═══ SUPPLIED RECORDS ═══
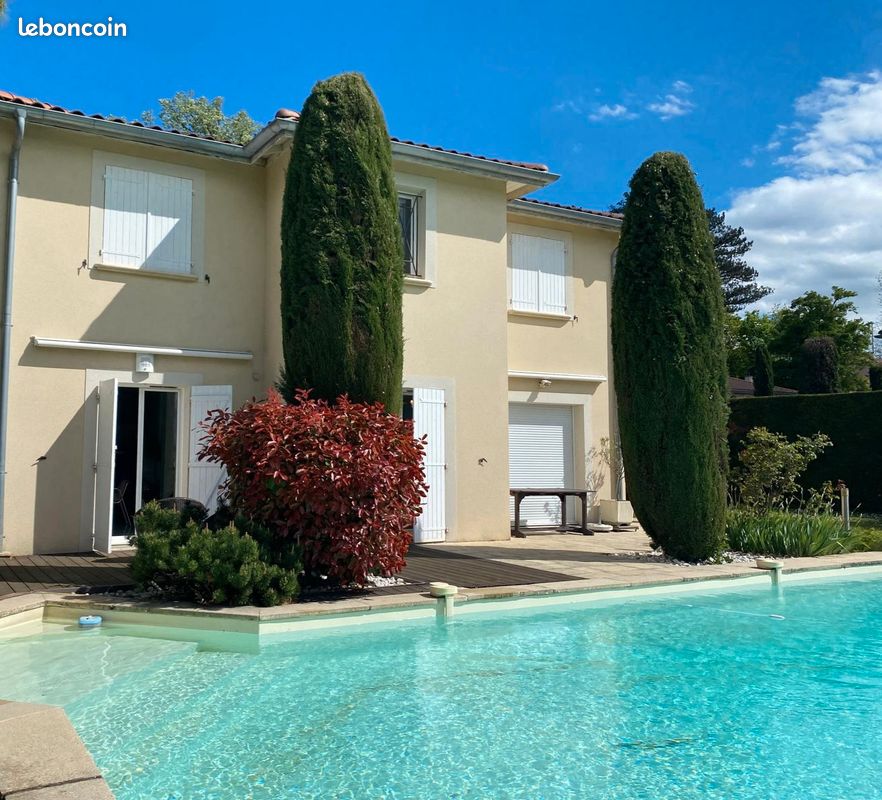 Maison 5 pièces 170 m² · à Seyssuel · 170 m² · 532 000 €
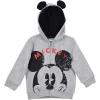 Mickey szürke felső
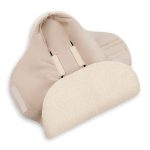 Otulacz <b> do fotelika </b><em> Baranek Ciepły beż </em>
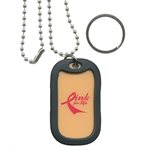 DOG TAG-PINK FOR LIFE(DX18)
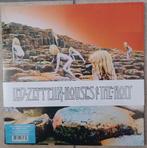 Led Zeppelin 33T LP Houses of the holly, Enlèvement ou Envoi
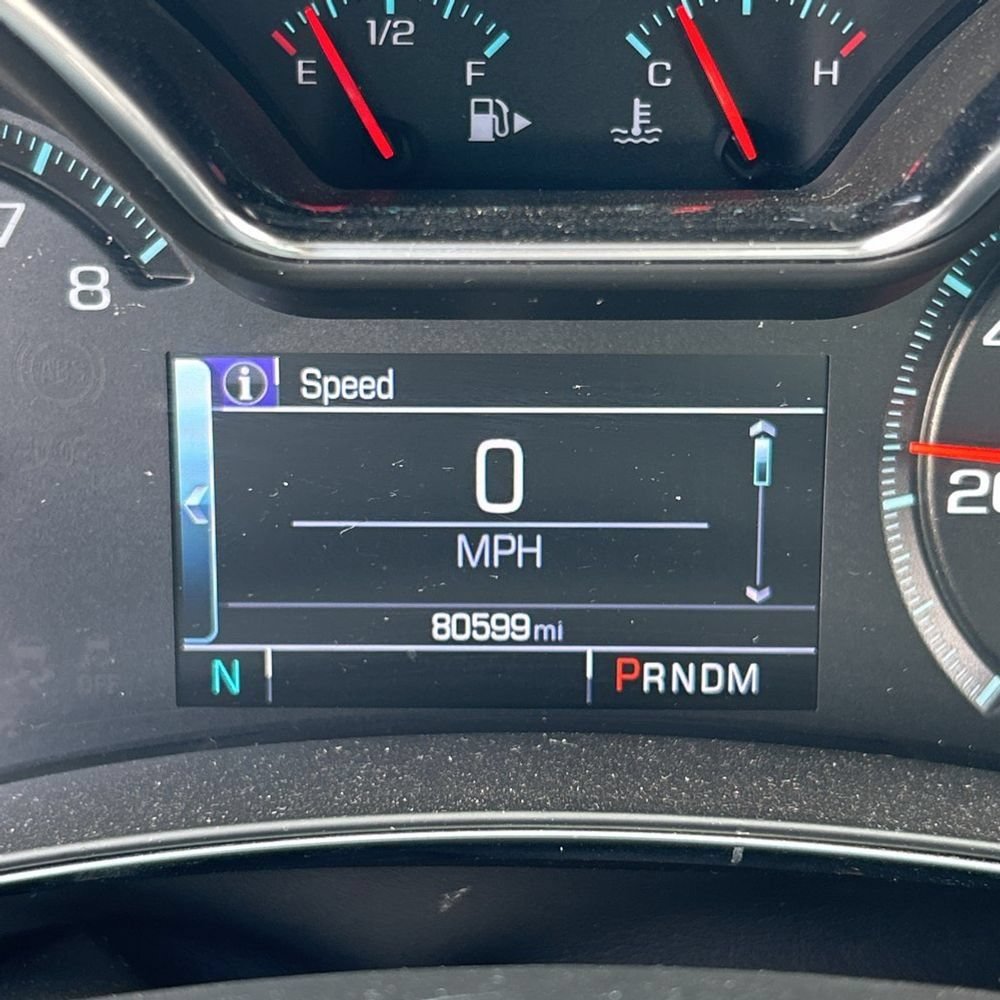 Used 2018 Chevrolet Impala LT FWD image 9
═══
In copying the listing, reproduce each line exactly and omit the pictures.

 Maison 5 pièces 170 m² · à Seyssuel · 170 m² · 532 000 €
 Mickey szürke felső
 Otulacz <b> do fotelika </b><em> Baranek Ciepły beż </em>
 DOG TAG-PINK FOR LIFE(DX18)
 Led Zeppelin 33T LP Houses of the holly, Enlèvement ou Envoi
 Used 2018 Chevrolet Impala LT FWD image 9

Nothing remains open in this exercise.